» TASK DIRECTIONS: Quote word for word from the line holding "Burga Player Tough" to the last line below, including both, and omit any pictures.

Start of COLLECTED MATERIAL

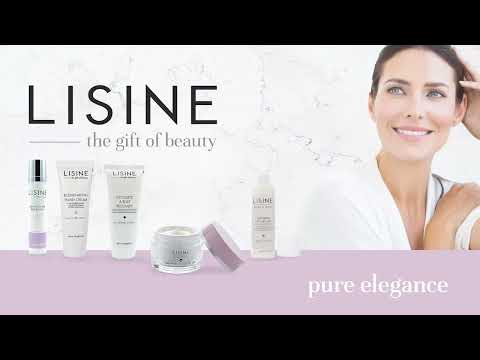 Introduction Lisine Cosmetics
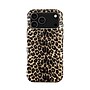 Burga Player Tough Magsafe Phone Case For iPhone 17 Pro Max, Shock Absorbing, Leopard (BP_03_IP17PROMAX_TH-magsafe)~#|#~358295B1-2928-4677-8B5E88813895C301_sc7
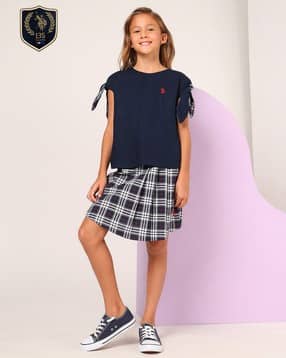 Girls Regular Top-image-1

End of COLLECTED MATERIAL

» OUTPUT OF THE EXERCISE:
 Burga Player Tough Magsafe Phone Case For iPhone 17 Pro Max, Shock Absorbing, Leopard (BP_03_IP17PROMAX_TH-magsafe)~#|#~358295B1-2928-4677-8B5E88813895C301_sc7
 Girls Regular Top-image-1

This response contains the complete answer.